BY DR EMILY BALDWIN
Posted: 20 March, 2009
According to new analysis of an eroded crater, a large scale depositional process has been at work in the equatorial regions of Mars that has implications for the climatic history of the planet.
The evidence comes from a Mars Express study of the mineralogical composition of the Aram Chaos region, a crater 280 kilometres in diameter lying almost directly on the Martian equator. The OMEGA instrument data shows a significant amount of sulphates and ferric oxides, the latter of which is more commonly known as rust, and which gives Mars its red tone.
The Aram Chaos region of Mars, a crater 280 km in diameter, where OMEGA detected large-scale deposits of ferric oxides.
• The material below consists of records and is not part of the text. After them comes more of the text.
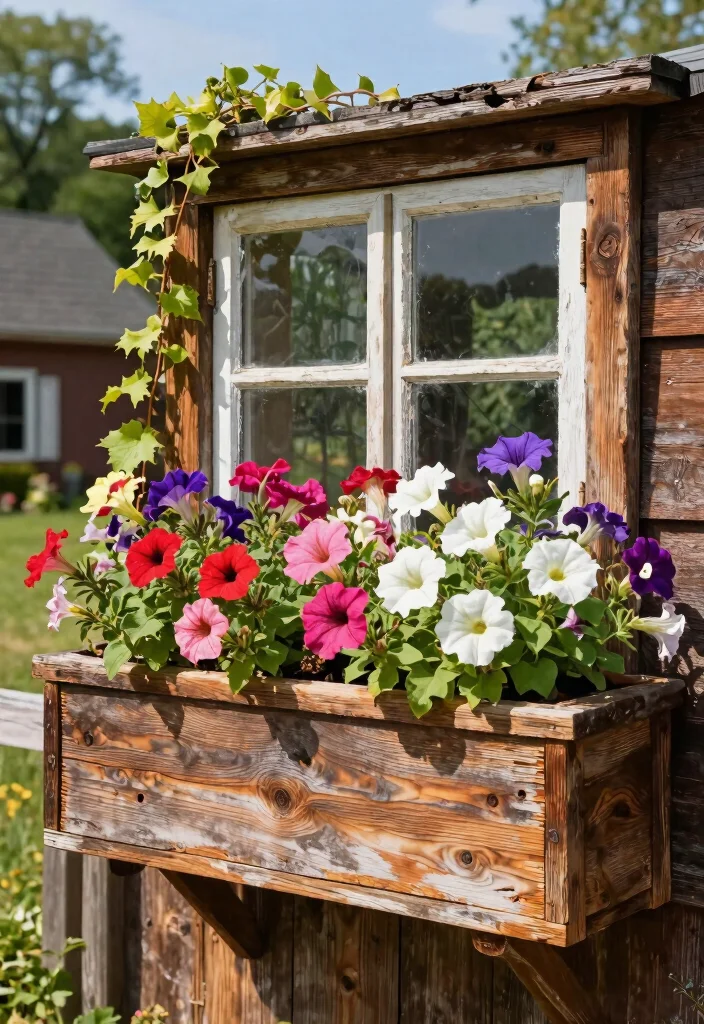 10 Timeless Rustic Window Box Ideas for Farmhouse Style 3. Reclaimed Barn Wood Planter 0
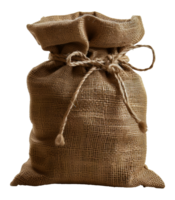 Closed burlap sack tied with a jute rope, cut out - stock .. png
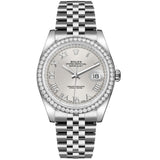 Rolex Datejust 36 116244-0055 Silver Roman Numeral Dial Diamond Bezel Jubilee Bracelet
The inset shows the region in relation to other areas where the same minerals have been detected. Image: NASA/MGS/MOLA/THEMIS.
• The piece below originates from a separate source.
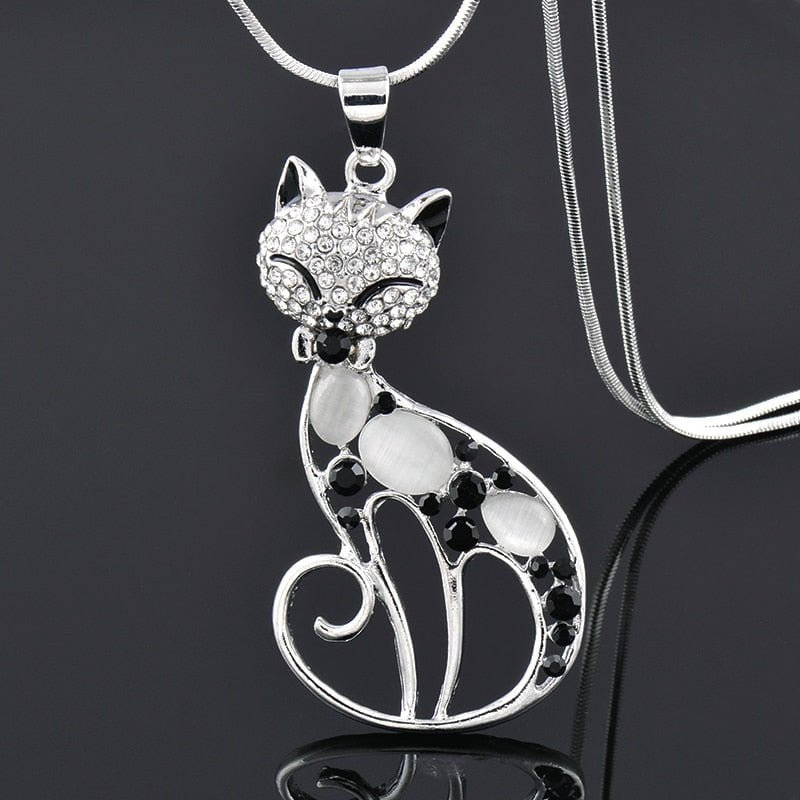 Cat jewelry, silver cat necklace, cat necklace main stone black Cat Necklace - Rhinestone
Although ferric oxide is common across the red planet, in the dark deposits of Aram Chaos there is a four-fold increase in the spectral signature of ferric oxides, which means that some process has concentrated the oxides in this location. Ferric oxides are generally found with sulphates but, in this case, the lighter sulphates have been blown away, leaving the ferric oxides exposed.
“They have accumulated in dark deposits at the bottom of sulphate cliffs,” says Stephane Le Mouelic, Universite de Nantes. The scientists say that this implies that the ferric oxides have been uncovered by erosion before dropping to the base of the cliffs. The dunes in this region are also enriched in ferric oxides.
While an interesting discovery for this region of Mars, the phenomenon is not exclusive to Aram Chaos. NASA’s Opportunity rover discovered ferric oxide deposits - nicknamed blueberries - one thousand kilometres away in Meridiani Planum. In addition, Valles Marineris, 3000 kilometres away, also shows similar deposits. The new detection of a similar chemistry in Aram Chaos therefore links together widely separated areas of Mars, and the scientists suspect there could be even more examples in other locations.
Mars Express has been orbiting the red planet for over five years. Image: ESA/Medialab.
“OMEGA is sensitive to the first hundreds of microns of the surface. So, a layer of Martian dust just one millimetre thick will hide the signature from us,” says Marion Masse, lead author on the paper describing these results. Thanks to wind erosion, which has occurred at Aram Chaos, the dust cover has been swept away to reveal the composition of the underlying rocks.
For the time being, however, the true extent and nature of the accumulation process remains a mystery. The science team are now exploring different mechanisms that could have caused it, from atmospheric precipitation such as rain or snow, to volcanic ashes or glacial deposits. Whatever the conclusion, the results will contribute to scientist's understanding of the past climatic and surface process that have shaped the planet.
The findings are discussed in the Journal of Geophysical Research.